L'activité des plates-formes de vocation

2008

2009

Nombre de candidats évalués

153 500

137 000

Nombre de candidats évalués positivement

87 700

75 300

Nombre de candidats recrutés

49 200

39 100

Part des évalués positivement

57 %

55 %

Part des embauchés

32 %

29 %

Source : Pôle emploi

La MRS est emblématique de la démarche d'intermédiation active qu'entend remplir Pôle emploi pour faciliter le rapprochement de l'offre et de la demande de travail, puisque :

- elle offre un service de pré-sélection des candidats sur la base d'exercices pratiques qui recréent les conditions du poste de travail à pourvoir. Il s'agit, par cette mise en situation, de repérer des « habiletés », c'est-à-dire un ensemble d'aptitudes utiles ou nécessaires pour occuper un poste de travail, mais qui ne font pas l'objet d'un repérage selon les critères ordinaires de sélection que sont le niveau de qualification et l'expérience professionnelle. Par la MRS, le service public de l'emploi prend donc en charge, gratuitement pour les entreprises concernées, une partie de l'évaluation des candidats - ce qui revient à externaliser partiellement la procédure de recrutement ;

- elle constitue également un outil permettant de pallier l'incapacité des canaux traditionnels d'embauche à fournir le volume de candidats nécessaires (pénurie de candidats, difficultés récurrentes de recrutement liées à la saisonnalité du besoin ou à l'existence d'un fort turn-over , besoin de recrutement massif et ponctuel).

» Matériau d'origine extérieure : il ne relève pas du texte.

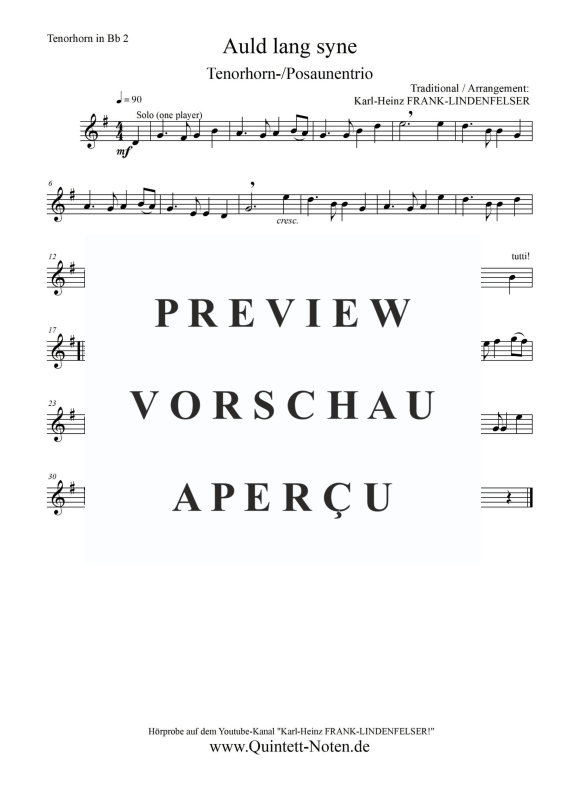 Product gallery: Page 7 of 10 Auld Lang Syne, , Tenor Horn Trio Or Trombone Trio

On peut, à cet égard, rappeler que la MRS a été inventée en 1995, dans les Deux-Sèvres, pour répondre à un besoin du groupe automobile Heuliez qui ne parvenait pas à recruter les 1 500 salariés qu'il recherchait. Par la suite, avec la loi de programmation pour la cohésion sociale de 2005, la conception de la MRS a évolué pour ne plus être considérée seulement comme une réponse à une demande d'entreprise ponctuelle, mais plus largement comme un moyen d'organiser une réponse aux besoins structurels de recrutement du tissu économique local (action sur les métiers en tension) ;

- elle s'inscrit dans une démarche « militante » pour modifier, sur le moyen terme, les représentations des employeurs en matière d'employabilité des demandeurs d'emploi. Dans la mesure où elle permet de prendre en compte des « habiletés » que les employeurs ne retiennent d'ordinaire pas comme critères de sélection, elle constitue en effet un moyen de limiter les effets de « sur-sélection » que peuvent générer des exigences de qualification ou d'expérience professionnelle inadaptées à la réalité des postes à pourvoir.


* 57 Les recrutements réalisés par le secteur public, par les particuliers employeurs et par les sociétés d'intérim ne sont en revanche pas pris en compte pour le calcul de la part de marché de Pôle emploi.